Intégrer la facturation électronique à votre logiciel métier

Votre application établit déjà vos factures. Nous la raccordons au circuit des plateformes agréées, directement ou par l'intermédiaire d'un logiciel de facturation, en préservant ce qui fonctionne aujourd'hui.

Logiciel sur mesure, SaaS, ERP, CRM, site e-commerce, back-office ou outil de gestion plus ancien : nous intervenons aussi sur des applications conçues par d'autres équipes.

Ce que la réforme change pour une application qui facture

Depuis le 1er septembre 2026, toutes les entreprises assujetties à la TVA établies en France doivent pouvoir recevoir des factures électroniques. L'émission est obligatoire depuis la même date pour les grandes entreprises et les ETI, et le sera au 1er septembre 2027 pour les PME et les micro-entreprises.

Dans ce circuit, une facture entre professionnels n'est plus un simple PDF envoyé par e-mail.

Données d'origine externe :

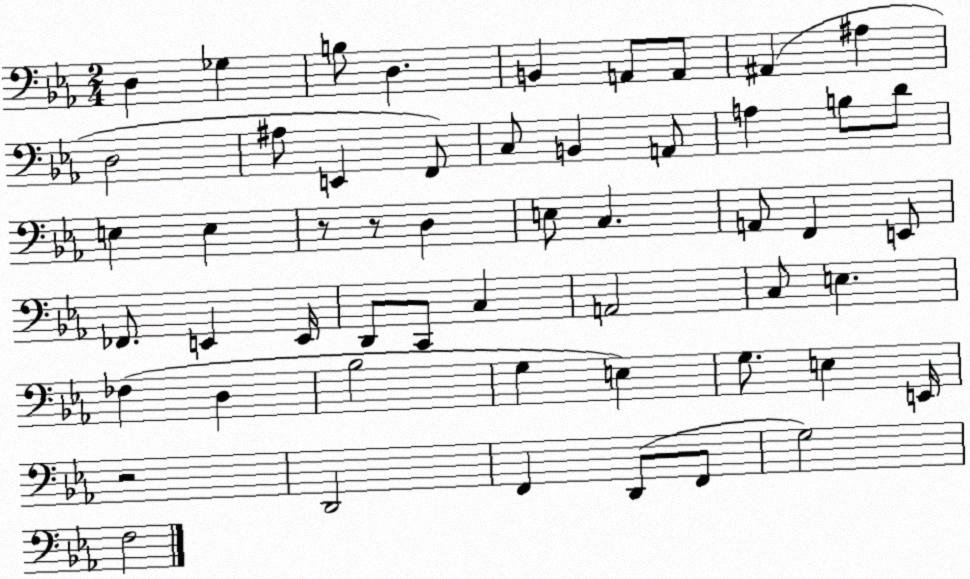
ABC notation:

X:1
T:Untitled
M:2/4
L:1/4
K:Eb
D, _G, B,/2 D, B,, A,,/2 A,,/2 ^A,, ^A, D,2 ^A,/2 E,, F,,/2 C,/2 B,, A,,/2 A, B,/2 D/2 E, E, z/2 z/2 D, E,/2 C, A,,/2 F,, E,,/2 _F,,/2 E,, E,,/4 D,,/2 C,,/2 C, A,,2 C,/2 E, _F, D, _B,2 G, E, G,/2 E, E,,/4 z2 D,,2 F,, D,,/2 F,,/2 G,2 F,2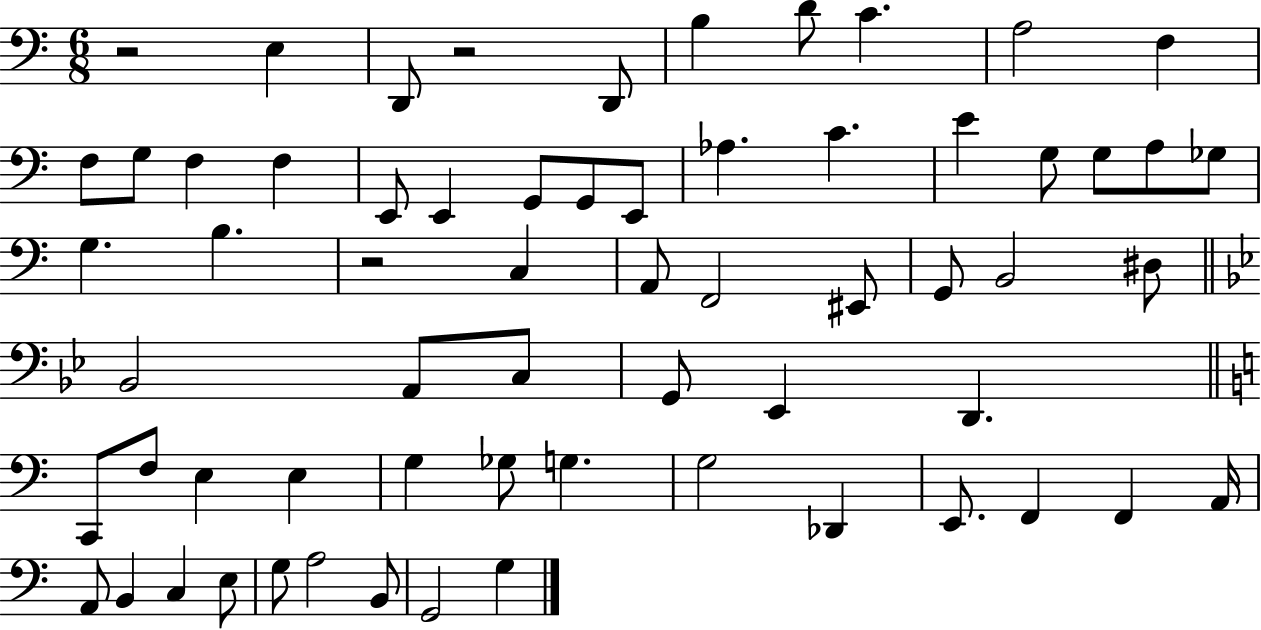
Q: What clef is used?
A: bass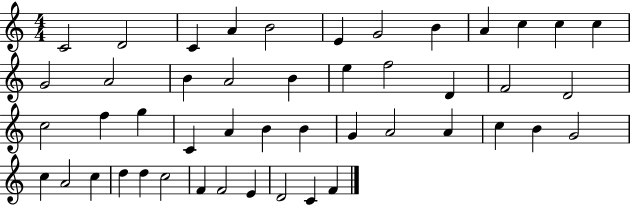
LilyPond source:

{
  \clef treble
  \numericTimeSignature
  \time 4/4
  \key c \major
  c'2 d'2 | c'4 a'4 b'2 | e'4 g'2 b'4 | a'4 c''4 c''4 c''4 | \break g'2 a'2 | b'4 a'2 b'4 | e''4 f''2 d'4 | f'2 d'2 | \break c''2 f''4 g''4 | c'4 a'4 b'4 b'4 | g'4 a'2 a'4 | c''4 b'4 g'2 | \break c''4 a'2 c''4 | d''4 d''4 c''2 | f'4 f'2 e'4 | d'2 c'4 f'4 | \break \bar "|."
}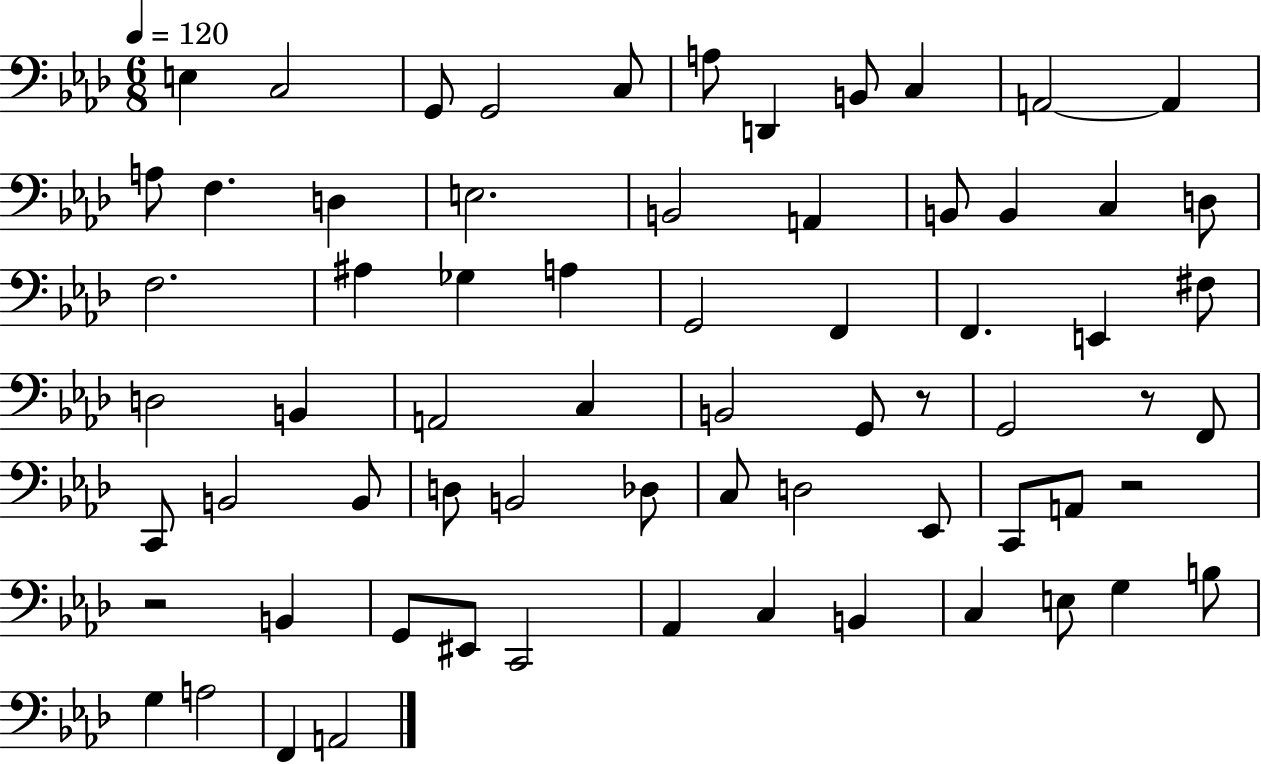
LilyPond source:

{
  \clef bass
  \numericTimeSignature
  \time 6/8
  \key aes \major
  \tempo 4 = 120
  e4 c2 | g,8 g,2 c8 | a8 d,4 b,8 c4 | a,2~~ a,4 | \break a8 f4. d4 | e2. | b,2 a,4 | b,8 b,4 c4 d8 | \break f2. | ais4 ges4 a4 | g,2 f,4 | f,4. e,4 fis8 | \break d2 b,4 | a,2 c4 | b,2 g,8 r8 | g,2 r8 f,8 | \break c,8 b,2 b,8 | d8 b,2 des8 | c8 d2 ees,8 | c,8 a,8 r2 | \break r2 b,4 | g,8 eis,8 c,2 | aes,4 c4 b,4 | c4 e8 g4 b8 | \break g4 a2 | f,4 a,2 | \bar "|."
}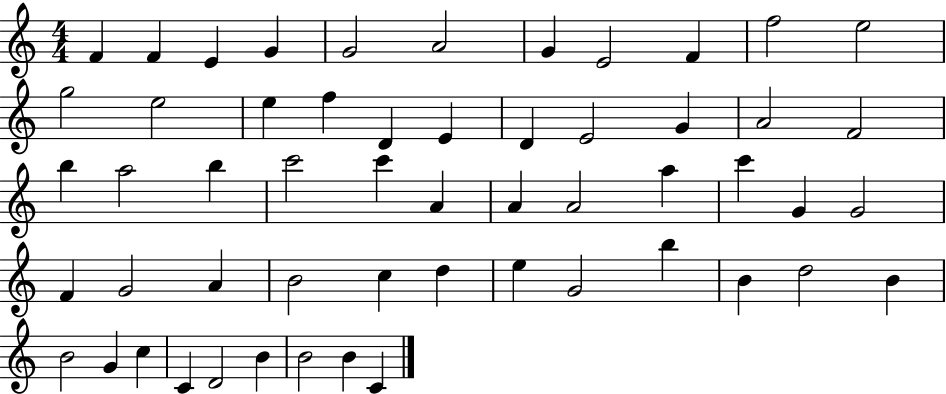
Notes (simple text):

F4/q F4/q E4/q G4/q G4/h A4/h G4/q E4/h F4/q F5/h E5/h G5/h E5/h E5/q F5/q D4/q E4/q D4/q E4/h G4/q A4/h F4/h B5/q A5/h B5/q C6/h C6/q A4/q A4/q A4/h A5/q C6/q G4/q G4/h F4/q G4/h A4/q B4/h C5/q D5/q E5/q G4/h B5/q B4/q D5/h B4/q B4/h G4/q C5/q C4/q D4/h B4/q B4/h B4/q C4/q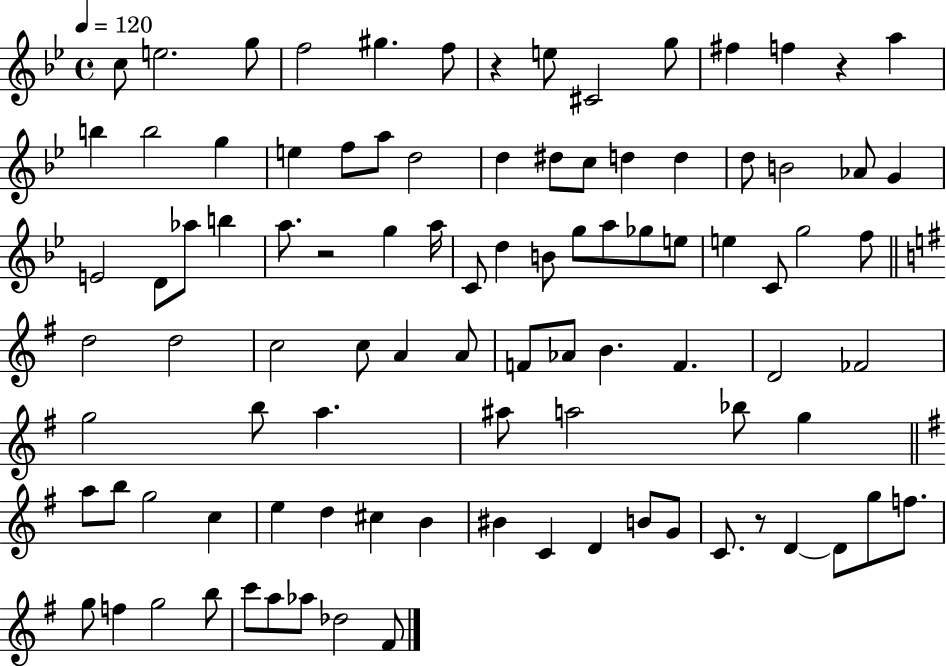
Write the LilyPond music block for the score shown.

{
  \clef treble
  \time 4/4
  \defaultTimeSignature
  \key bes \major
  \tempo 4 = 120
  \repeat volta 2 { c''8 e''2. g''8 | f''2 gis''4. f''8 | r4 e''8 cis'2 g''8 | fis''4 f''4 r4 a''4 | \break b''4 b''2 g''4 | e''4 f''8 a''8 d''2 | d''4 dis''8 c''8 d''4 d''4 | d''8 b'2 aes'8 g'4 | \break e'2 d'8 aes''8 b''4 | a''8. r2 g''4 a''16 | c'8 d''4 b'8 g''8 a''8 ges''8 e''8 | e''4 c'8 g''2 f''8 | \break \bar "||" \break \key e \minor d''2 d''2 | c''2 c''8 a'4 a'8 | f'8 aes'8 b'4. f'4. | d'2 fes'2 | \break g''2 b''8 a''4. | ais''8 a''2 bes''8 g''4 | \bar "||" \break \key e \minor a''8 b''8 g''2 c''4 | e''4 d''4 cis''4 b'4 | bis'4 c'4 d'4 b'8 g'8 | c'8. r8 d'4~~ d'8 g''8 f''8. | \break g''8 f''4 g''2 b''8 | c'''8 a''8 aes''8 des''2 fis'8 | } \bar "|."
}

Elle circule dans un format structuré (Factur-X, UBL ou CII) via une plateforme agréée (PA, anciennement PDP), qui la contrôle, l'achemine et fait remonter son statut : par exemple déposée, rejetée, refusée ou encaissée.

Pour une application qui produit des factures, la question devient technique : comment transmettre ces factures, récupérer leurs statuts et traiter les anomalies sans désorganiser le travail des équipes ? Certaines informations doivent parfois être ajoutées, comme le numéro SIREN des clients professionnels ou la nature des opérations facturées.

Pour le détail des obligations, les ressources de la DGFiP font référence. Ici, nous parlons du raccordement de votre logiciel.

Deux façons de raccorder votre application

Chacune de ces deux approches répond à des situations différentes. Le bon choix dépend de la place qu'occupe la facturation dans votre application et de ce que vous voulez en faire. Nous ne revendons ni plateforme agréée ni logiciel de facturation : notre travail consiste à construire la liaison adaptée à votre cas.

Connexion directe à une plateforme agréée

Qui établit les factures : votre application, qui continue de les créer et de les numéroter.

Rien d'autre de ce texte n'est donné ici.